Vanno in scena le Barzellette di Celestini «La più bella deve essere ancora inventata»

L'autore regista: «Ne racconto una quarantina poi una storia le delimita»

Antonio Bozzo

Piccolo dramma non capire una barzelletta e aver voglia di sprofondare dalla vergogna, mentre gli altri ridono a crepapelle.

«Succede - dice Ascanio Celestini - Quando non si capiscono vuol dire che non si è accettato il gioco. La barzelletta è un patto, con sue regole. Un perimetro dentro il quale muoversi. È letteratura orale di cui da sempre faccio incetta. Di barzellette è pieno il mio libro uscito da Einaudi un anno fa, ora diventato spettacolo, con ovvie variazioni rispetto alla pagina scritta». Il monologo del romano Celestini è da stasera a domenica al Carcano. Titolo «Barzellette», così tutti sanno che non c'è da offendersi se qualcuno si sentisse toccato nella propria sensibilità. «La barzelletta è irriverente di natura. Può dire cose orrende. Se si smette di raccontarla prima del finale liberatorio può essere scambiata per offesa grave, da punire. A me è capitato di scatenare reazioni violente raccontandole per intero, ma è un'altra storia».

Chi segue Celestini dirà: che c'entra Ascanio con i re delle barzellette come Bramieri, Dapporto, Proietti, Chiari e altri nomi d'oro? «Chiari la tirava alle lunghe, sotto la camera fissa della tv. Bramieri bastava vederlo entrare in palcoscenico per immaginare l'arrivo delle ballerine. Dapporto era un maestro. Tutti interpreti di un teatro schietto e popolare: non so se la differenza con il teatro di Carmelo Bene, faccio per dire, sia poi così marcata. Il mio spettacolo non è però un semplice repertorio di barzellette. Ne racconto una quarantina, ma c'è una storia che le delimita: un ferroviere raccoglie barzellette tra i viaggiatori per raccontarle al capostazione.
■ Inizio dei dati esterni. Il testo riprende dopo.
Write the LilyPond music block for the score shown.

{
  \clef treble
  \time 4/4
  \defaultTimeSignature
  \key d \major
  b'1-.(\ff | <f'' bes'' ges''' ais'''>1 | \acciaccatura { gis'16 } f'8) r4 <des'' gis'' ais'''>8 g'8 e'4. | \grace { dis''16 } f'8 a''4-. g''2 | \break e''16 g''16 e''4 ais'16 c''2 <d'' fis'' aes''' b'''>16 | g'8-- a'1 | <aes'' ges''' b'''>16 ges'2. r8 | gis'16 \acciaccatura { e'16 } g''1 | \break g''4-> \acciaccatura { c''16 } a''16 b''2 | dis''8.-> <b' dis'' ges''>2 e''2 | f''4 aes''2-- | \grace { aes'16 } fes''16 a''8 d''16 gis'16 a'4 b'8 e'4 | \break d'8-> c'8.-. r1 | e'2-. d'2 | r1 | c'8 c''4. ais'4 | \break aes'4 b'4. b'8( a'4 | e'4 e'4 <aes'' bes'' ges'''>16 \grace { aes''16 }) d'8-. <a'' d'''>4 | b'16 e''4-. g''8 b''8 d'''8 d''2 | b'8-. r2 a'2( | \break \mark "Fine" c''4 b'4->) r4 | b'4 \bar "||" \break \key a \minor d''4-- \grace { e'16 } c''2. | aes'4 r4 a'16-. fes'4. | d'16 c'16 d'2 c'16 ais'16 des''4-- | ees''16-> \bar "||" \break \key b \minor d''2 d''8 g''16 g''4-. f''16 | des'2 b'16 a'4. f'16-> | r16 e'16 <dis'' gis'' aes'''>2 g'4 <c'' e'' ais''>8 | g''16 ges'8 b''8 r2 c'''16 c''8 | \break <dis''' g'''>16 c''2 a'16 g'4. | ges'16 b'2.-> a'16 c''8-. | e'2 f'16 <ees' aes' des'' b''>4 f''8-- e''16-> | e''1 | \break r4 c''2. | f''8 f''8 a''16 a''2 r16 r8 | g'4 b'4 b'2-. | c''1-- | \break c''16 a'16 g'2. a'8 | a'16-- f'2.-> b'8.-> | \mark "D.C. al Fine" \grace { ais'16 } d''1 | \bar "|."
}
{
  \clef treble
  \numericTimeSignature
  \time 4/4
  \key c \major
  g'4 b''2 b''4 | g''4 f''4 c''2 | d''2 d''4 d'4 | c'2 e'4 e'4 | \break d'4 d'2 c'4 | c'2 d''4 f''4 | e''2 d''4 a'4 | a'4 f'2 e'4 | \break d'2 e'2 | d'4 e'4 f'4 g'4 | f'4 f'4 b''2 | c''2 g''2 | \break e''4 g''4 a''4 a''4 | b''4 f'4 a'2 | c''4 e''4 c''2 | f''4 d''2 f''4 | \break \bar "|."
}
O forse a un uomo con una funzione particolare - c'è chi fa mestieri ingrati ma necessari - incaricato di occuparsi proprio... Non dico di più».

Celestini confessa di non sapere se nel mondo orientale - Cina, India, Giappone - le barzellette siano diffuse come in Occidente. «Grazie allo scrittore Paolo Nori ho però scoperto la vivacità della Russia, anche quando era Unione Sovietica. C'era qualcosa di più cupo della Mosca comunista? E invece no, si rideva eccome, del potere e dei difetti nazionali». Forse, diciamo noi, anche grazie allo spirito ebraico, che tanto influsso ha avuto e ha nel grande Paese slavo. «Gli ebrei sono fabbricatori di barzellette. Freud, non certo un umorista, scrisse un saggio sul motto di spirito, paragonandolo al sogno e al lapsus. Gli ebrei sanno scherzare persino sull'Olocausto. Ma mi è successo di irritarli, e molto, raccontando storielle, nonostante mettessi avanti nomi apprezzati come Moni Ovadia. Achille Campanile, nel suo trattato sulle barzellette, scrisse che vanno sempre raccontate fino al termine, anche se chi ascolta si sta offendendo.

Basta poi scuotere la testa e aggiungere, dice Campanile, la seguente considerazione: «Pensare che c'è ancora gente che ride per queste scemenze», e la tensione svanisce. La barzelletta più bella del mondo?

«Deve ancora essere inventata. Le barzellette sono come gli scacchi: un gioco la cui partita più bella non è ancora stata disputata».